Seven months after a fine for "illegally" bringing Christian magazines into Uzbekistan was overturned on appeal, passport officers stopped Tashkent Baptist Lidiya Guseva from leaving Uzbekistan, fellow Baptists complained to Forum 18 News Service. She was taken off a late-night train and had to return to Tashkent by taxi. Bailiff Sanjar Sultanov told Forum 18 that the failure to cancel her exit ban was the fault of the Court for failing to tell them it had cancelled the fine. The Court insisted to Forum 18 it had told the Bailiffs. This was the second case known to Forum 18 since the beginning of September of an individual punished by an administrative court for their religious activity being denied permission to leave the country. Power to place individuals on the exit black list for unpaid fines was handed from the courts to bailiffs at the end of 2010, one told Forum 18.

26 August 2011

UZBEKISTAN: More fines, physical abuse and religious literature destruction

Police who raided a Protestant family's private home in Fergana assaulted the husband and confiscated religious literature, local Protestants told Forum 18 News Service. The religious books are being checked and officials are preparing an administrative case against the husband and wife and a family friend. Asked by Forum 18 what literature found in their home was banned, the Police Inspector who led the raid identified the Bible and the New Testament.
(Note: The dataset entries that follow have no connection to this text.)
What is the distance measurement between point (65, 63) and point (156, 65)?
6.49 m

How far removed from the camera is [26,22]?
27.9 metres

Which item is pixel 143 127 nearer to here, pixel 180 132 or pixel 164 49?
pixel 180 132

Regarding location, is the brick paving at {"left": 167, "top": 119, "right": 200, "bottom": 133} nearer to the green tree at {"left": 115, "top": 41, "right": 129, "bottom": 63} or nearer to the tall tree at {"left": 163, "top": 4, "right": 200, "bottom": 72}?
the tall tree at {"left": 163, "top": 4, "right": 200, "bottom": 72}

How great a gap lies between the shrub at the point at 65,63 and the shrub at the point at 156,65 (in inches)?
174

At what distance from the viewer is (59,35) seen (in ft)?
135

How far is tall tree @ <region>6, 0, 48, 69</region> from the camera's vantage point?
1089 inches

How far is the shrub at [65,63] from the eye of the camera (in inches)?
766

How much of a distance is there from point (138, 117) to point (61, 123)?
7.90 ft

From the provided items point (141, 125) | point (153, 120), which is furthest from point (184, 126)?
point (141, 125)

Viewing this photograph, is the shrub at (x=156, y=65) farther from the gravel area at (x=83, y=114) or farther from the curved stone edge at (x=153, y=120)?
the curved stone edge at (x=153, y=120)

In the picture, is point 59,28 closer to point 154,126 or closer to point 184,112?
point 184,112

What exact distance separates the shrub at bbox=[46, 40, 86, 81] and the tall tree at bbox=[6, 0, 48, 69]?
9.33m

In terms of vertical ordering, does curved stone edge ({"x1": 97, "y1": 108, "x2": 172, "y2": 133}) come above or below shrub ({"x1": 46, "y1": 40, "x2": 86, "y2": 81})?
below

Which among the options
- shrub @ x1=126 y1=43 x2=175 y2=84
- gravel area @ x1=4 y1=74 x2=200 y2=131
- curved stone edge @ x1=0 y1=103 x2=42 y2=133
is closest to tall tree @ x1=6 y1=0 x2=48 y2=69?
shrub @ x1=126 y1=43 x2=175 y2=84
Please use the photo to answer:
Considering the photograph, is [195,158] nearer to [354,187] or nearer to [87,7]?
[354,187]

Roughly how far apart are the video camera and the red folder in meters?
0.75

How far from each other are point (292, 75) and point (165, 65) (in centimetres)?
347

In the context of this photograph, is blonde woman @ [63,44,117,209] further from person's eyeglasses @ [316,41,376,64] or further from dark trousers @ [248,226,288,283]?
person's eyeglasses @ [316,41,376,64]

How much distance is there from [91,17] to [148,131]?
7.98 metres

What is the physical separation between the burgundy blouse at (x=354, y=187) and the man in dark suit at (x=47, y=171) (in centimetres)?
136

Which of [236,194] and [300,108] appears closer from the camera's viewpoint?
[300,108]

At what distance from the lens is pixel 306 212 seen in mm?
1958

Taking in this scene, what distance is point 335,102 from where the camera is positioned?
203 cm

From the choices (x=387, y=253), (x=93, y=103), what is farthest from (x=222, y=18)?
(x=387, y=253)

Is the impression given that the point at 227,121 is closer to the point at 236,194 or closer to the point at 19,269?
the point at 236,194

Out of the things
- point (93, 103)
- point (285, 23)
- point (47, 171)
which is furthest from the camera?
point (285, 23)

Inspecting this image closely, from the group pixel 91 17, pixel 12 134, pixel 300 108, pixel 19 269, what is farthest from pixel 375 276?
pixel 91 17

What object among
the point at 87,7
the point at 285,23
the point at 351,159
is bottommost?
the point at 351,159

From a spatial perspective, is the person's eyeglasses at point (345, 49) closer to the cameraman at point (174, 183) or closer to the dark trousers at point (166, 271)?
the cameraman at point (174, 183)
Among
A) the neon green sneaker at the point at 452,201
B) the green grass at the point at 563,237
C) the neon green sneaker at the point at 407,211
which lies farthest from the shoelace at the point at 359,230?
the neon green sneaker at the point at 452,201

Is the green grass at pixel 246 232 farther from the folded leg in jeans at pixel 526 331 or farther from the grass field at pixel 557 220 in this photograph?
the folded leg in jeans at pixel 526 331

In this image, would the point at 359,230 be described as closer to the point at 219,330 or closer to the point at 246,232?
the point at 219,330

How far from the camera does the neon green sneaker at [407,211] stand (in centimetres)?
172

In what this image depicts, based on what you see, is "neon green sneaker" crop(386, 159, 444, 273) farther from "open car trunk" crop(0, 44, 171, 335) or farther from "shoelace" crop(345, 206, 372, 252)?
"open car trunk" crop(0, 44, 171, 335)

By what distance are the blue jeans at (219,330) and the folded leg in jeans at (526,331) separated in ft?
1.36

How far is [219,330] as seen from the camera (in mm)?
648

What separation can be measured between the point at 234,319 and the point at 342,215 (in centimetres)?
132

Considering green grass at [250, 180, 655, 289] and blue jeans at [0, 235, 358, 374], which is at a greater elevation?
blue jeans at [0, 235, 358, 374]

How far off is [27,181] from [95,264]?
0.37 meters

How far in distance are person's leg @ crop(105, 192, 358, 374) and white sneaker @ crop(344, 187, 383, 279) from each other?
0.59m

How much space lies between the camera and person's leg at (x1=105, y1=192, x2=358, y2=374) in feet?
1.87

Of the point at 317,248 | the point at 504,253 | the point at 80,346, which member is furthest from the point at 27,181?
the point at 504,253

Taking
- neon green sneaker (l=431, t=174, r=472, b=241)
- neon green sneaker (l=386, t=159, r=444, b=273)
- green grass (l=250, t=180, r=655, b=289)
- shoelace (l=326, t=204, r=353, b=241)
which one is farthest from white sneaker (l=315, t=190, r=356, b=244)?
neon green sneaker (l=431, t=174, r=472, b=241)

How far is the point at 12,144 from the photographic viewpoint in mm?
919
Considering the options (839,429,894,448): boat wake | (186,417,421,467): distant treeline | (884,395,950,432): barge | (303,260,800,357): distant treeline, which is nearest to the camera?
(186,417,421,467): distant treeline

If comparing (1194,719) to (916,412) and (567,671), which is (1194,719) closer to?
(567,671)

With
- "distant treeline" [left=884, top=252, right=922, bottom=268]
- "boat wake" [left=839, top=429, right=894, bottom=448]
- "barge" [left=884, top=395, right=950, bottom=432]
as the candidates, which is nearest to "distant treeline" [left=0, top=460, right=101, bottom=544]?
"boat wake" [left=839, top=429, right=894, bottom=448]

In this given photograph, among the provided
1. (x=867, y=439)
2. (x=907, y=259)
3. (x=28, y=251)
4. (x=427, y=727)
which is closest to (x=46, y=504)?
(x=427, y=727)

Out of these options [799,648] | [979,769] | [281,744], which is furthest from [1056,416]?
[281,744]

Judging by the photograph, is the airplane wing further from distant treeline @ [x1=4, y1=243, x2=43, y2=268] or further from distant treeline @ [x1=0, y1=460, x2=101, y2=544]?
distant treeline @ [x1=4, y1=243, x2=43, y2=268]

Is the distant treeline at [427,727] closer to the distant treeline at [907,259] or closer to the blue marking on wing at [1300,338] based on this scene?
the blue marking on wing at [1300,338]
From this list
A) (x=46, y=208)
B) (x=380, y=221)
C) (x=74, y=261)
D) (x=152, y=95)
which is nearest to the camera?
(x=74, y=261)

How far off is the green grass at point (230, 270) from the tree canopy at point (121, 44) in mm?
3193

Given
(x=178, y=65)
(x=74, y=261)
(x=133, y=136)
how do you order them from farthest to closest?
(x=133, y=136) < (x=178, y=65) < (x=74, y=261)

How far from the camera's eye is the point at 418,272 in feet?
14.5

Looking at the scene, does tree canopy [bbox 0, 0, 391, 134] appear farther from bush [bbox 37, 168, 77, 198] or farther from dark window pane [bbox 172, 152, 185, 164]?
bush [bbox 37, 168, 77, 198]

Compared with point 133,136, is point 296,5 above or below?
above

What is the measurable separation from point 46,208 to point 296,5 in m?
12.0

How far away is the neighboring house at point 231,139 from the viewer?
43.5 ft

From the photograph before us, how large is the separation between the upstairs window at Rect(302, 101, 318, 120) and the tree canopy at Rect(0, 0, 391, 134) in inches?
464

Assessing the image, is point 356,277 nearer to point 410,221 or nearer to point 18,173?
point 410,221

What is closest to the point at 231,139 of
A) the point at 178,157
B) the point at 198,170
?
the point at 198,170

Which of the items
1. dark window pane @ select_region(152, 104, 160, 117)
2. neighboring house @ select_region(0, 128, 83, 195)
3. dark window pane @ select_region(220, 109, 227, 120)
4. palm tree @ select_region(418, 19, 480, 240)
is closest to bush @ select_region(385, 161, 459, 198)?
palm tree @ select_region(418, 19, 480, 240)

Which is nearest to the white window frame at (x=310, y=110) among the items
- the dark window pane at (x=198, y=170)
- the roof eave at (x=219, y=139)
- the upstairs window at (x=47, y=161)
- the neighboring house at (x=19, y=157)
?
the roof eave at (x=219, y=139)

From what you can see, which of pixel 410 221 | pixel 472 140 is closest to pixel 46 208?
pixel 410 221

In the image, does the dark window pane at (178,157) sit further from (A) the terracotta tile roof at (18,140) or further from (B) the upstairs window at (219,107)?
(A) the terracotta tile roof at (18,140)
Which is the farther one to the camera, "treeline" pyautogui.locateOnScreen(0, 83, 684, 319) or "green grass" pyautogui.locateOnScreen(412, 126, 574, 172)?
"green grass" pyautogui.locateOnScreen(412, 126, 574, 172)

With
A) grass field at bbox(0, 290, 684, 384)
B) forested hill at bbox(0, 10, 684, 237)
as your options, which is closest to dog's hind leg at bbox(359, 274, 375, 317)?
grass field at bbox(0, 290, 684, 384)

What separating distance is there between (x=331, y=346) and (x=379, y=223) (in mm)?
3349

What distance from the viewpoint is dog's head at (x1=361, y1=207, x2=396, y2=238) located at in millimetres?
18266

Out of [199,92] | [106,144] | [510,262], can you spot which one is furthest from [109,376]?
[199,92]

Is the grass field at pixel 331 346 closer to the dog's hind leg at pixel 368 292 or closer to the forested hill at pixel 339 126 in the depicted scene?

Courts in the capital Tashkent and eastern Syrdarya Region have handed down fines of up to one hundred times the minimum monthly wage to ten Protestants to punish them for unregistered activity. In both cases the courts ordered that confiscated Christian literature - including Bibles and New Testaments – be destroyed. Officials of the state Religious Affairs Committee refused to explain why peaceful religious activity continues to be punished and why courts order the destruction of religious literature. "I am no expert in those matters, and you called the wrong department," Zulhaydar Sultanov, Head of its International Relations Department, told Forum 18.